I got the chance to talk with Pac-12 Networks analyst Kevin O'Neill about the Huskies and the upcoming Pac-12 Tournament.

thanks Kevin
thanks Kevin
Gary A. Vasquez-USA TODAY Sports

Former USC Trojans head coach and current Pac-12 Networks Analyst Kevin O'Neill was kind enough to take a couple minutes with me to discuss his thoughts on what the Huskies can do in the Pac-12 Tournament, their chances at an NIT bid and a few other topics around the team.

The first piece of analysis O'Neill dropped was that Washington was going to have trouble getting by Stanford and playing their way to the second day of the Tournament. In order to pull off a second consecutive upset? "They're going to have to shoot the ball extremely well, and they're going to have to out-rebound Stanford; Stanford does a great job on the boards." Basically what O'Neill is saying is that Washington is going to have to do the two things that they struggle with the most.

Stanford is in the upper third of the conference in both offensive and defensive rebounding percentage (conference play only), with Arizona being the only other team to accomplish the feat. Arizona leads in both categories. Stanford also is in the top third of the conference in opponents' eFG%. Stefan Nastic in particular is going to be difficult to keep off of the offensive glass in Washington's 2-3 zone. He grabs over 10 percent of opponents' misses.

Now, assuming (big assumption) that Washington can bypass Stanford, O'Neill still thinks it is going to be difficult to secure an NIT bid with the post-Upshaw slide. But had Upshaw theoretically still been on the team, the Huskies would have been a lock in the Big Dance. Once those games get started, we really can't know who is going to come out on top.

He particularly noted how difficult it would be for a coaching staff to deal with the loss up Upshaw. "It's just too big a void to fill. Not just on the defensive end, cause Upshaw was starting to play so well offensively ... It's very difficult for Lorenzo Romar and his staff to swallow, but it was a very unfortunate incident that led the team down a tough road."

We know how much of a loss Upshaw was on the basketball court. The defense fell apart around him, and the offense lost its main roll man on Nigel Williams-Goss screen and rolls.

With Upshaw gone, O'Neill says the best gameplan against Washington offensively would be to get the ball inside and crash the offensive glass. The Huskies lack of size (the "emergence" of Gilles Dierickx might help that a little bit) can be exploited. The conference has a size advantage over Washington, not just Arizona with its crazy amount of length and girth up front. Crashing the offensive glass is playing to a team's relative strength, because the Huskies as a whole will struggle to rebound defensively with both the lack of size and use of the 2-3.

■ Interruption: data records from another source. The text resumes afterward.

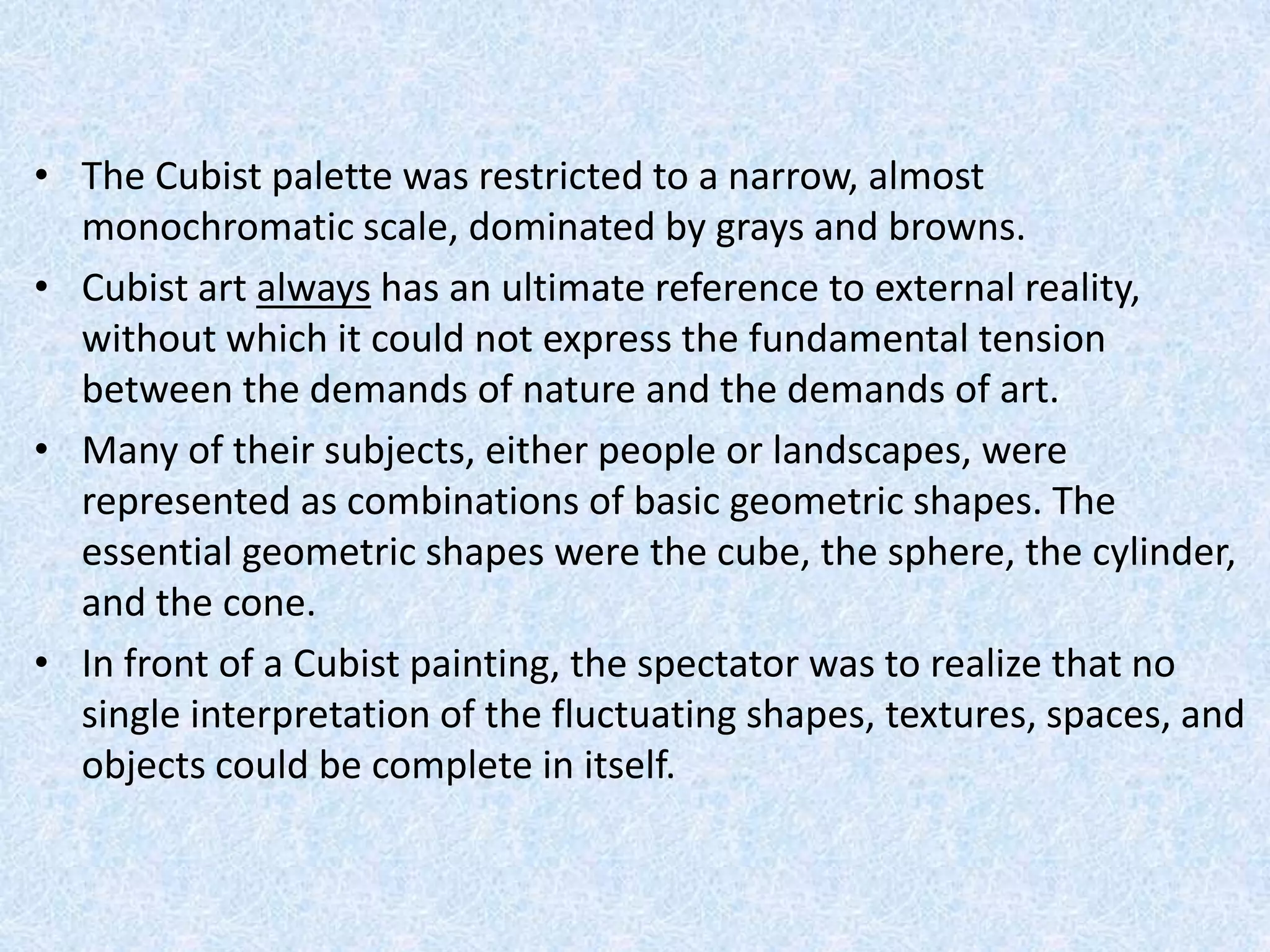 • The Cubist palette was restricted to a narrow, almost
  monochromatic scale, dominated by grays and browns.
• Cubist art always has an ultimate reference to external reality,
  without which it could not express the fundamental tension
  between the demands of nature and the demands of art.
• Many of their subjects, either people or landscapes, were
  represented as combinations of basic geometric shapes. The
  essential geometric shapes were the cube, the sphere, the cylinder,
  and the cone.
• In front of a Cubist painting, the spectator was to realize that no
  single interpretation of the fluctuating shapes, textures, spaces, and
  objects could be complete in itself.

Since Upshaw left, the Huskies have been turned into a jump shooting team, which certainly doesn't play to the their strength, without a single player (minimum 20 attempts) hitting 40 percent from behind the three-point arc. Keeping Williams-Goss out of the lane can be difficult (ask Delon Wright) but forcing the Huskies to shoot jumpers and contested twos is a solid gameplan, especially considering Andrew Andrews and Williams-Goss' affinity for the shot.

The boldest statement O'Neill made to me was this: "Nigel Williams-Goss can't play in the NBA, I don't know why everybody's worried about him going to the NBA." He didn't say that Williams-Goss will struggle if he leaves school now. He didn't say Nigel just isn't ready. O'Neill said that he just flat won't be able to play. He said that Williams-Goss isn't quick enough to separate from NBA-level players.

If a player can't use his athleticism to separate himself, he usually needs to have a three-point shot. Williams-Goss doesn't. The last reason O'Neill stated was that the Husky point guard would struggle to defend opposing point guards. I can't argue with any of his reasons, which is why at this point, I agree with O'Neill that it would be a "fatal mistake" for Williams-Goss to go pro at this point in his career.

The last thing I spoke to O'Neill about was his thoughts on the Pac-12 Tournament. He believes that it will be a boring Tournament with the clear favorite Arizona taking the title. Utah and Oregon each have a chance to take down the Wildcats, with Utah having a slightly better chance, but neither stack up well enough to best UofA.